Post-agriculture but pre-industrial revolution I just would have been an incel peasant, or slave. Post-industrial revolution but pre-modern era I would have just been an incel factory worker. Either that or cannon fodder in some war in either of those eras.
 
stop it. we literally shitpostmaxxing on fucking incels.is and still talking about "destined for greatness :soy: :soy: :soy: "at least be honest and realistic about your situation. These delusions of grandeur are cringe and reminds of ER faggotry:

 
Yeah I used to envision myself kind of like stalin. He went through some rough times when he was a kid and early on in life but eventually it all worked out for him in the end.

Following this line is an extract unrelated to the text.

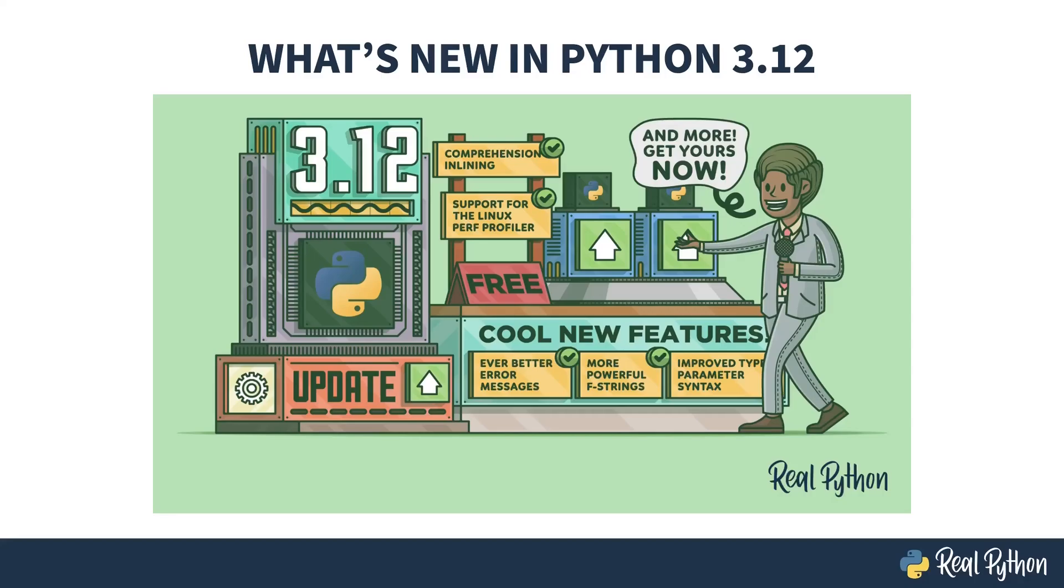Welcome to What's New in Python 3.12. My name is Christopher, and I will be your guide.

Fast forward 17 years and Holy hell was I wrong. Im in the same exact spot now as I was back then.
 
No I feel like I was destined to be trapped in this meat cage with no respite for it
 
It's not a feeling, it's a fact that I'm destined for greatness no matter what
 
i was destined to rot
 
There is nothing and nobody great in this realm.
 
sounds like mental illness to me , i kind of thought that but when you really introspect you realise it s not true you re not superior to anyone , i cut ties with my childhood friend because of that the guy thinks he s superior to everyone and knows everything he doesn t realise he just passes for a crazy psycho not some cool leader or anything , even his family avoids him , he s alcoholic and lonely but refuses to change , i just decided to not talk to him at all anymore blocked him everywhere , it was just a long distance relation but still better to completely cut ties because trust me bro people who think being superior just pass for weird psychos.
 
Only as a kid to a slight degree but then I grew up and realised that I was no one special in reality.